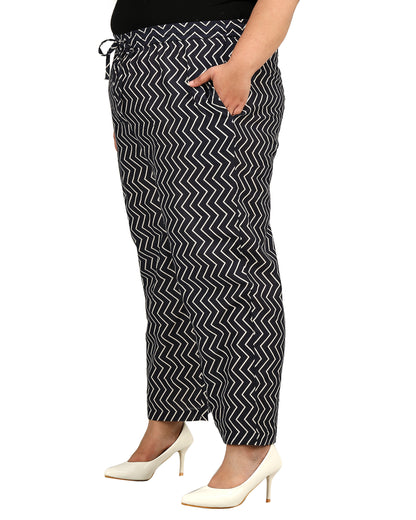 Chevron Print Palazzo Pants with Insert Pockets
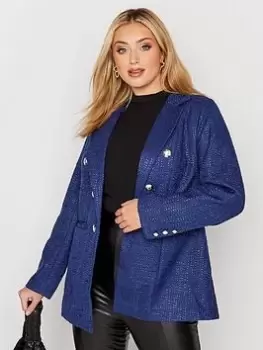 Yours Boucle Blazer - Blue Size 14, Women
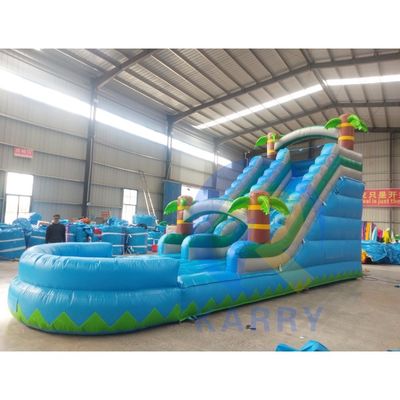 Capacidade máxima superior a 500 kg Slide de água azul de qualidade comercial inflável para diversão ao ar livre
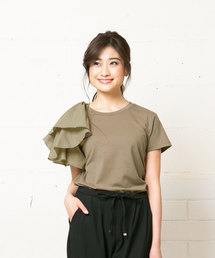 袖フリルTシャツ＊トップス/レディース/半袖[C3403]神戸レタス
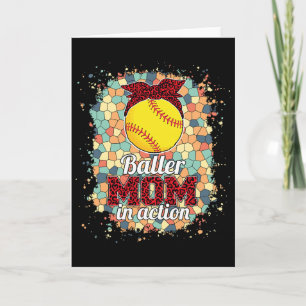 Tarjeta Ller Mom En Acción - Leopard Softll Mom Tee Para M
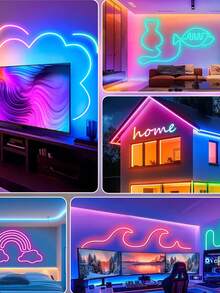 柔性LED灯带，遥控，多种模式，户外防水RGB霓虹灯，音乐同步游戏LED霓虹灯带，适用于卧室、室内家居装饰、派对装饰、DJ迪斯科氛围照明、游戏氛围照明 - 彩色 - 查看 2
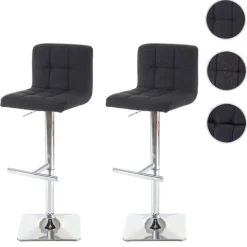 PROREGAL 2er-Set Barhocker gepolstert und höhenverstellbar mit Lehne, Sitzhöhe 63-84cm, mit Lehne drehbar, Stoff/Textil Dunkelgrau, Chromfuß, Barstuhl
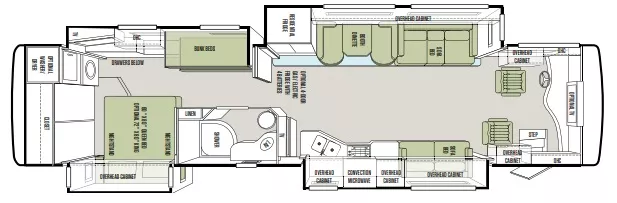40' 2014 Tiffin Phaeton PHAETON 380hp Cummins w/4 Slides - Bunk House Floorplan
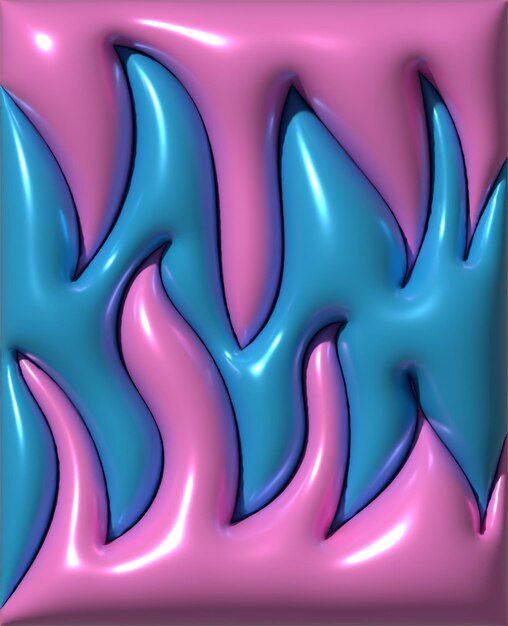Las ondas turquesas sobresalen por encima de la base rosada creando un efecto tridimensional dinámico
============
__About this exercise__:
Copy only what runs above from the line containing "Capacidade máxima superior" through the line containing "- 彩色 - 查看 2", exactly. Leave out the pictures.

__Answer section__:
 Capacidade máxima superior a 500 kg Slide de água azul de qualidade comercial inflável para diversão ao ar livre
 袖フリルTシャツ＊トップス/レディース/半袖[C3403]神戸レタス
 Tarjeta Ller Mom En Acción - Leopard Softll Mom Tee Para M
 柔性LED灯带，遥控，多种模式，户外防水RGB霓虹灯，音乐同步游戏LED霓虹灯带，适用于卧室、室内家居装饰、派对装饰、DJ迪斯科氛围照明、游戏氛围照明 - 彩色 - 查看 2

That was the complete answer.